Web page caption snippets
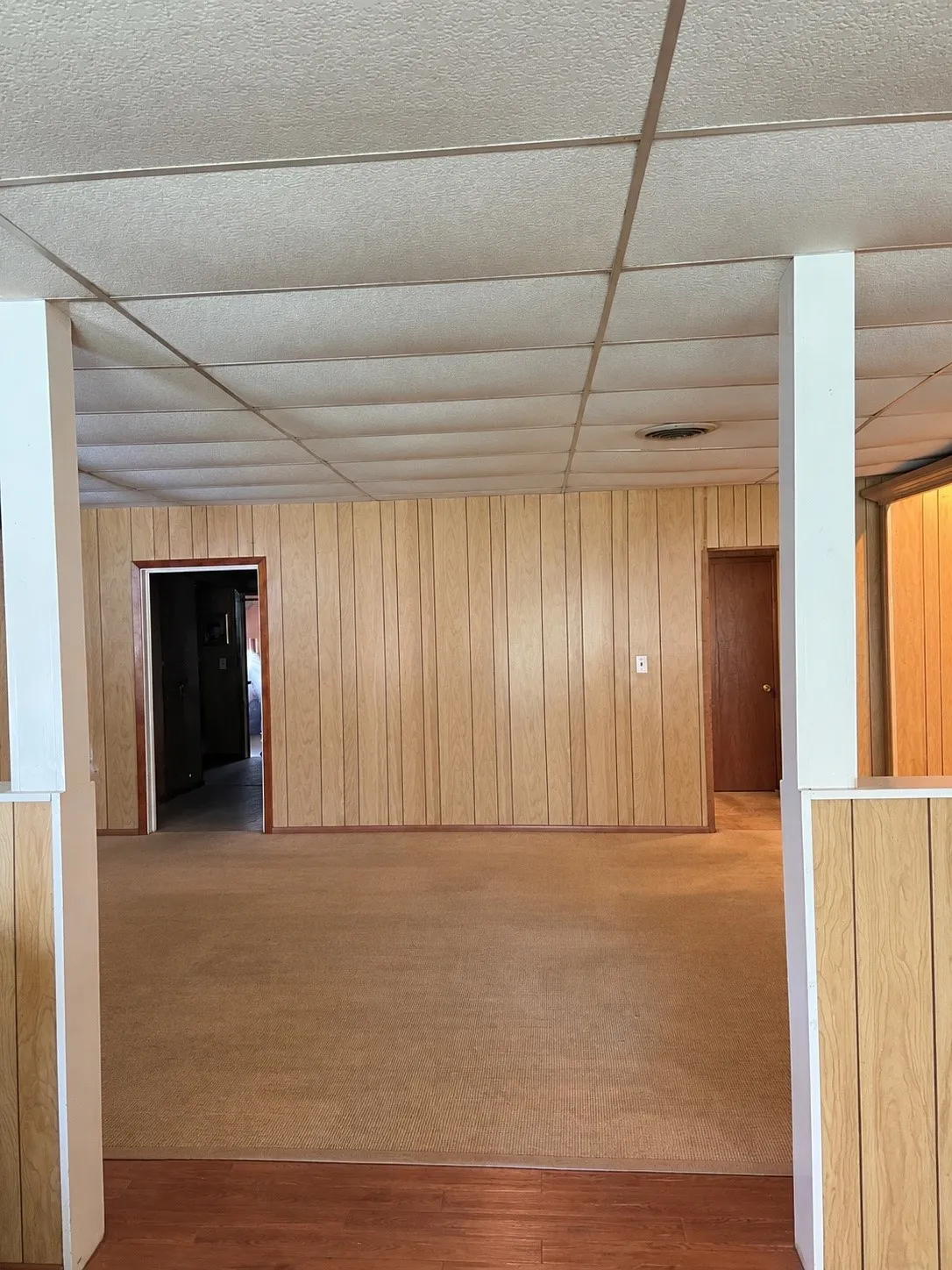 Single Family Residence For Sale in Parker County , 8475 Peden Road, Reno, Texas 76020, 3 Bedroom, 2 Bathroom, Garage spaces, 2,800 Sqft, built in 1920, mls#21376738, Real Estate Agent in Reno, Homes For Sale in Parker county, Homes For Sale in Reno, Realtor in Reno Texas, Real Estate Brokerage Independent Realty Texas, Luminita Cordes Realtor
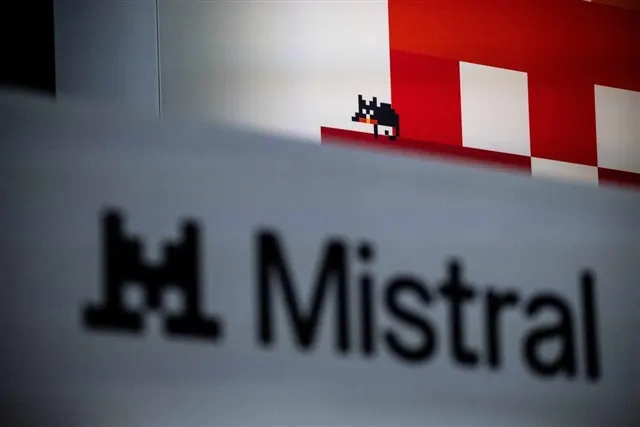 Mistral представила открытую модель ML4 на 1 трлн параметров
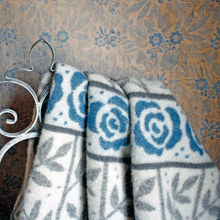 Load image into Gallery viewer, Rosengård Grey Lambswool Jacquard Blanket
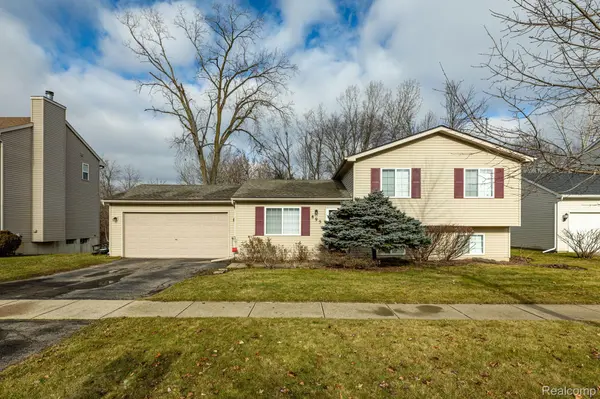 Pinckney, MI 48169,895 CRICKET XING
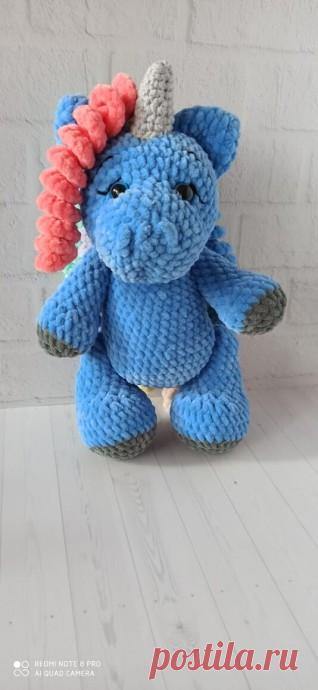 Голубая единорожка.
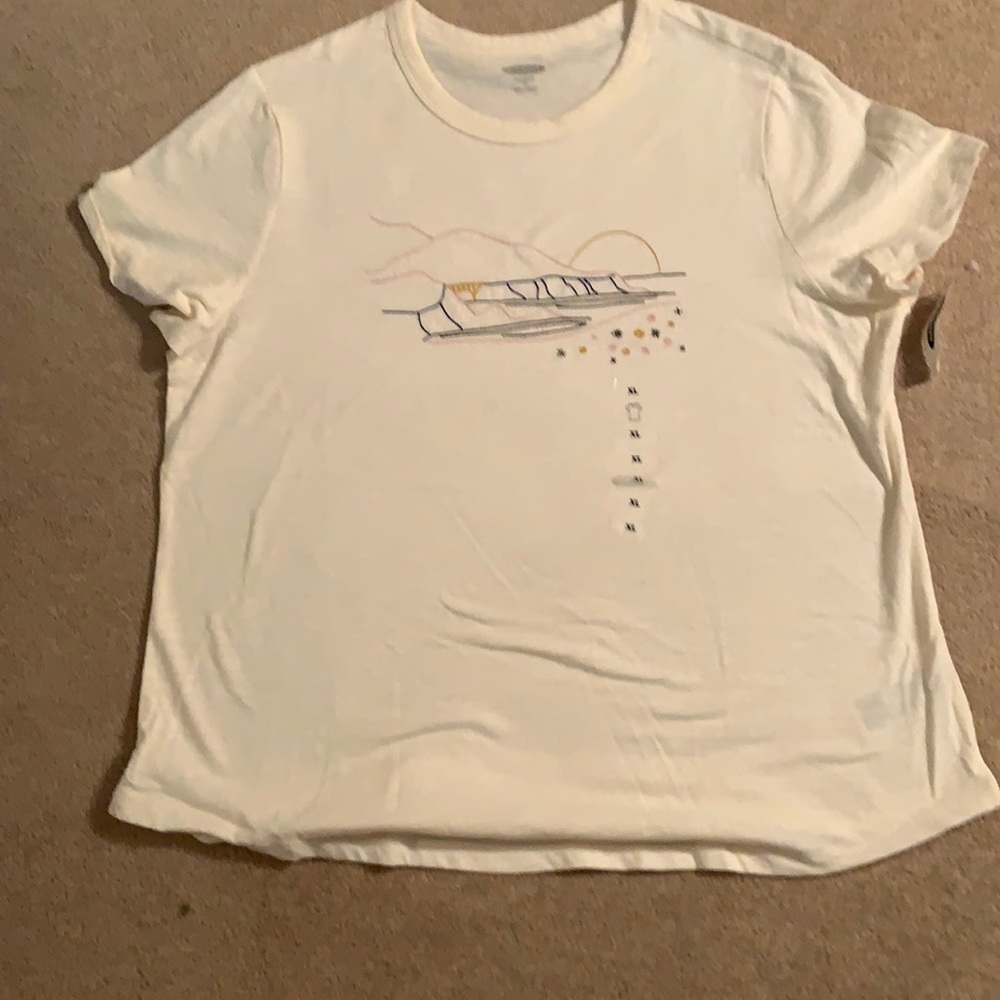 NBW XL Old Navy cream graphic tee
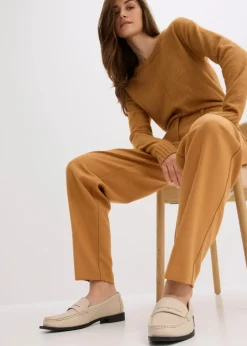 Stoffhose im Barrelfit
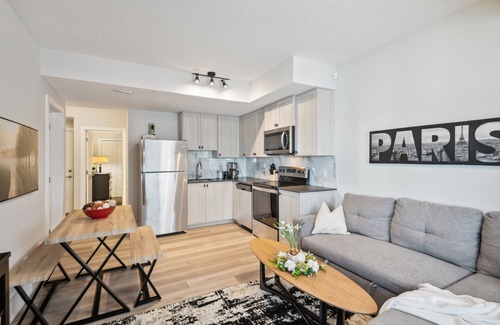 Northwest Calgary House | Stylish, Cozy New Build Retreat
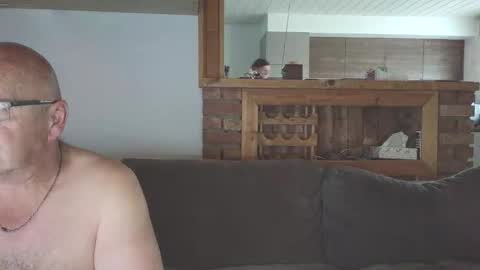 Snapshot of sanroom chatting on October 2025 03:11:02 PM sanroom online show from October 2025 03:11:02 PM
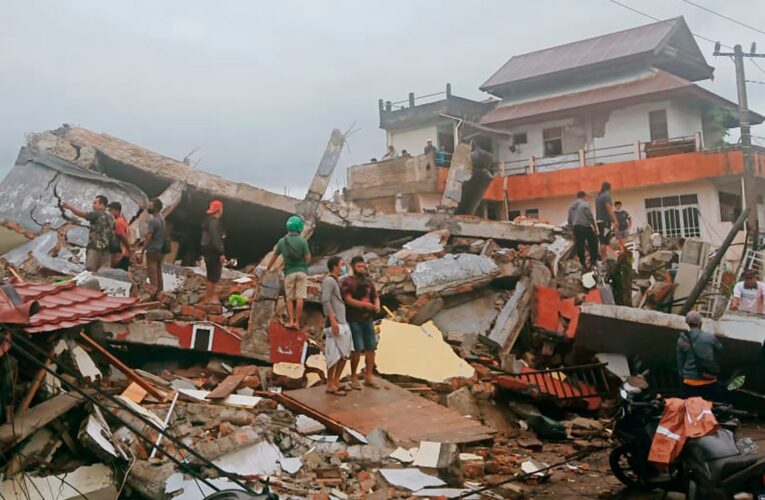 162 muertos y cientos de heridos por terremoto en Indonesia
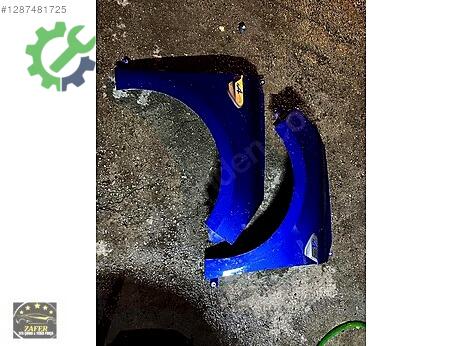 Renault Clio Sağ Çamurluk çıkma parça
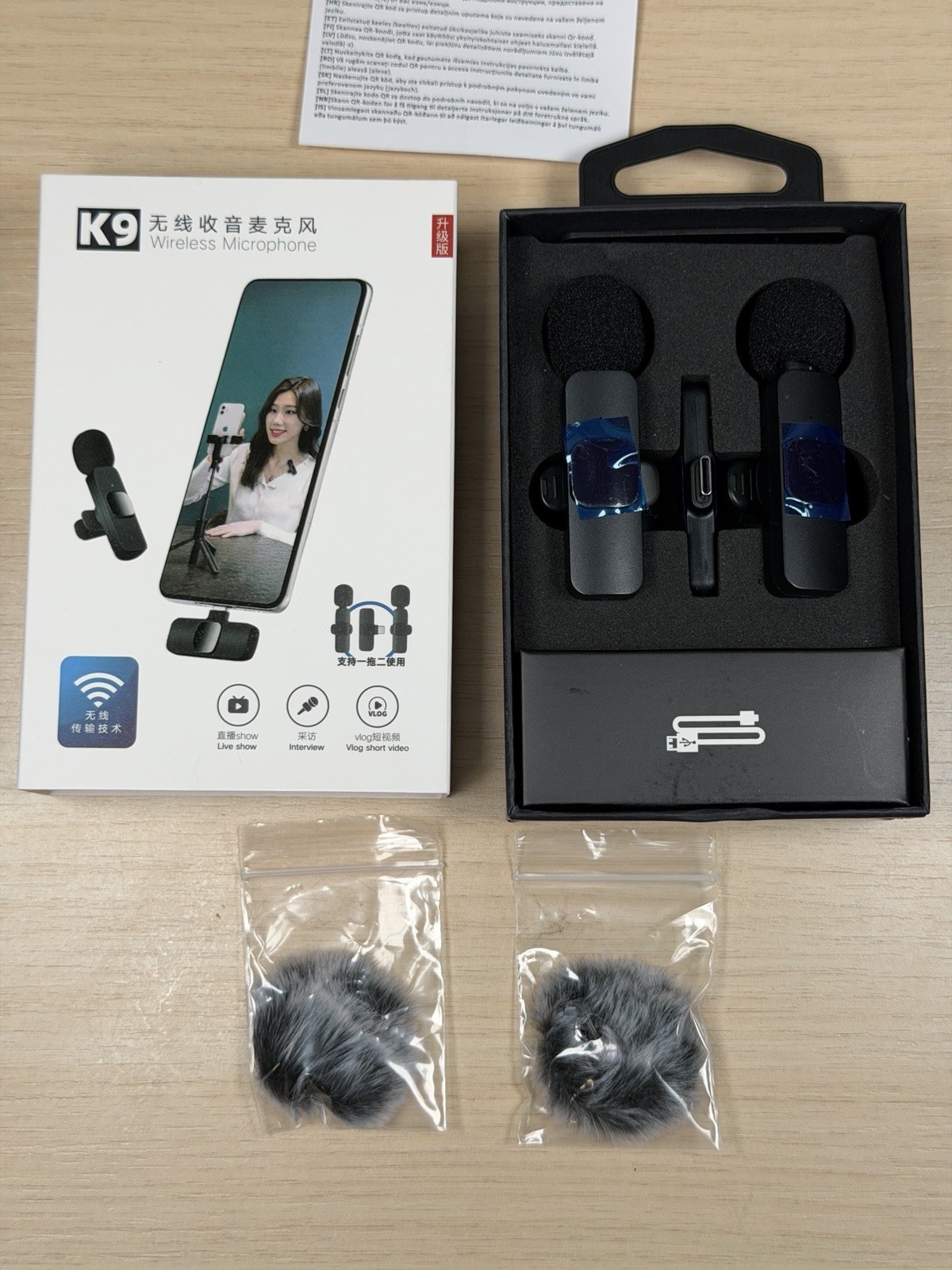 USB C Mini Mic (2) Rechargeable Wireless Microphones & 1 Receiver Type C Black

**THE PROBLEM:** From the records above, return exactly the lines running from the one that contains "Pinckney, MI 48169,895 CRICKET XING" down to the one that contains "Renault Clio Sağ Çamurluk çıkma parça", both included, without any pictures.

**SOLUTION FOR THIS TASK:**
 Pinckney, MI 48169,895 CRICKET XING
 Голубая единорожка.
 NBW XL Old Navy cream graphic tee
 Stoffhose im Barrelfit
 Northwest Calgary House | Stylish, Cozy New Build Retreat
 Snapshot of sanroom chatting on October 2025 03:11:02 PM sanroom online show from October 2025 03:11:02 PM
 162 muertos y cientos de heridos por terremoto en Indonesia
 Renault Clio Sağ Çamurluk çıkma parça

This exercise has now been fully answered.